His children announced his death on Sunday in a statement to the French national news agency, AFP. Tributes to Delon immediately flooded social media, and all major French media outlets changed their programming to cover his extensive career.
He had been diagnosed with B-cell lymphoma, a type of cancer, according to his son Anthony this year.
During the past year, Delon's fragile health condition had been at the center of a family dispute over his care that had led to harsh exchanges in the media between his three children.
Before becoming an actor, he was in the war in Indochina
He was born on November 8, 1935 in Sceaux, south of Paris, and was placed in a foster family after his parents separated when he was 4 years old. He later attended a boarding school at a Catholic school.
At the age of 17, he joined the Navy and was sent to the war in Indochina. Back in France in 1956, he worked in various jobs, such as a waiter or delivery person at the meat market in Paris, before starting to act.
This was Delon’s career
Delon's presence was unforgettable, whether he played depraved heroes or romantic protagonists. He was initially acclaimed for "Plein Soleil" ("Purple Noon") in 1960, directed by René Clément, in which he portrayed a murderer trying to assume his victim's identity.
He made several Italian films, and worked with Visconti on the 1961 film "Rocco e i suoi fratelli" ("Rocco and His Brothers"), in which Delon plays a sacrificial brother who tries to help his siblings. The film won the Special Jury Prize at the Venice Film Festival.
Visconti's 1963 film "Il gattopardo" ("The Leopard"), starring Delon, won the Palme d'Or, the highest honor at the Cannes Film Festival. He also worked on films such as "Paris brûle-t-il?" ("Is Paris Burning?"), with a screenplay by Gore Vidal and Francis Ford Coppola, among others; "La piscine" ("The Swimming Pool"), directed by Jacques Deray, and "The Assassination of Trotsky," by Losey.
At the peak of his career, in the 1960s and 1970s, some of the world's most prominent directors, from Luchino Visconti to Joseph Losey, were requesting to work with Delon.
Delon started producing films in 1968 —26 of them by 1990— with an energy and self-confidence that he maintained throughout his life.

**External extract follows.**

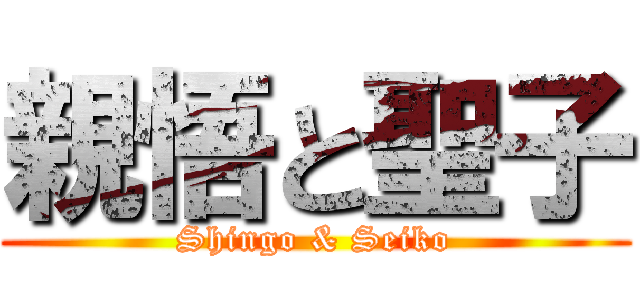 親悟と聖子 (Shingo & Seiko)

In his last years, he showed disillusionment with the film industry and said that money had killed the dream. "Money, commerce, and television have destroyed the dream machine," he wrote in a 2003 issue of the weekly magazine Le Nouvel Observateur. "My cinema is dead. And so am I."
However, he continued working frequently and appeared in several television movies in his seventies.
Delon had his son Anthony in 1964 with his then-wife Nathalie Canovas, who appeared with him in Jean-Pierre Melville’s film “Le samouraï” (“The Samurai”) in 1967. He had two more children, Anouchka and Alain-Fabien, with a later partner, Roselie van Breemen, with whom he produced a song and a music video in 1987. It was also believed that he was the father of Ari Boulogne, son of the German model and singer Nico, although he never publicly acknowledged his paternity.